The effectiveness of the Ohalo Data X-Ray anonymisation has been evaluated in comparison to manual anonymisation. The evaluation made use of RIDDOR data used for the HSE Construction Division RIDDOR dashboard1, which was manually anonymised in 2017 and made public. The standard of assessment used to define a significant data breach was that there will likely be a risk to people’s rights and freedoms in the event that HSE data is shared externally. This is the same as that used by the UK Information Commissioners Office (ICO)2.

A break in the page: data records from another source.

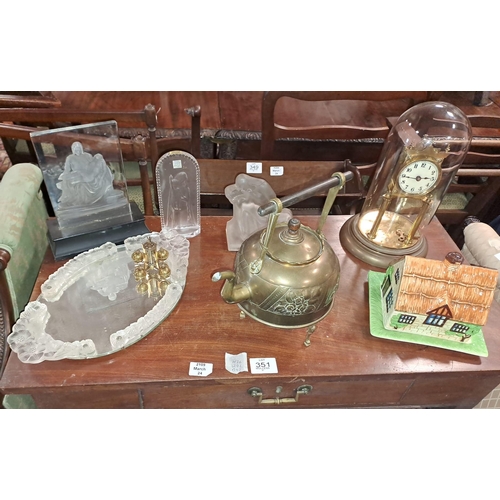 474 - A MISCELLANEOUS COLLECTION to include a brass clock in glass dome, a brass embossed teapot on stand,... 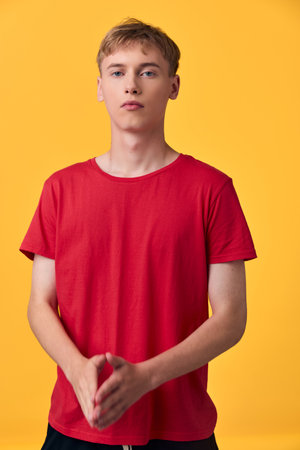 Red shirted young man stands in a studio against a bright yellow backdrop, hands clasped in front, neutral expression, bold minimal shot ideal for fashion, lifestyle or advertising useの写真素材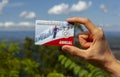 A woman is holding an `America the beautiful` annual pass card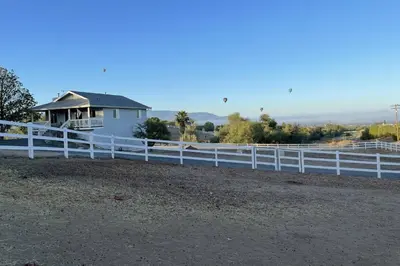a white fence in front of a white house at Chick-Ranch Guest House in Temecula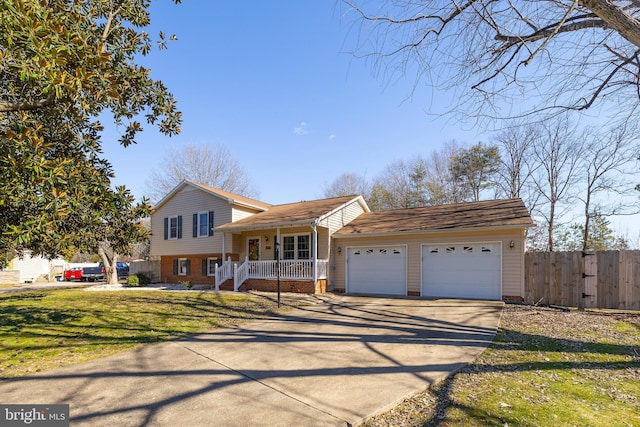 tri-level home featuring driveway, an attached garage, fence, a front lawn, and a porch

From the 1998 RIDDOR reports analysed, 743 contained sensitive text, including some personally identifiable information (PII). After anonymisation using Ohalo’s Data X-Ray, 94 records retained some personally identifiable information, of which 19 would be considered sufficient for a significant breach. Based on these figures, Ohalo’s Data X-Ray was able to reduce the number of sensitive records by 97% (i.e. 724/743 were adequately anonymised, 19/743 remained sensitive). For the 3% of records that remained sensitive, it was generally because information on a named individual along with details of a specific injury or other event still remained after anonymisation.
Aims and objectives
Ohalo Data X-Ray is a server-based, customizable tool for anonymising data, however it has not been used in a Health and Safety context previously and some types of data that we would wish to anonymise were not originally recognised. Additionally, the methods of anonymisation meant that the text entity association was not retained as part of the anonymisation process (e.g. ‘Date’, ‘Person’, ‘Organisation’). This project was to evaluate and improve the anonymisation of health and safety data and add the capability for context specific anonymisation and entity association to improve its use as part of an integrated research desensitization pipeline.
Due to the complex and evolving methods that can be used to identify individuals from their data, it is not anticipated that complete anonymisation will be possible in all cases. However, the reduction in risk provided by this anonymisation evaluation methodology allows that risk to be properly understood so that suitable controls can be put in place to manage residual risk.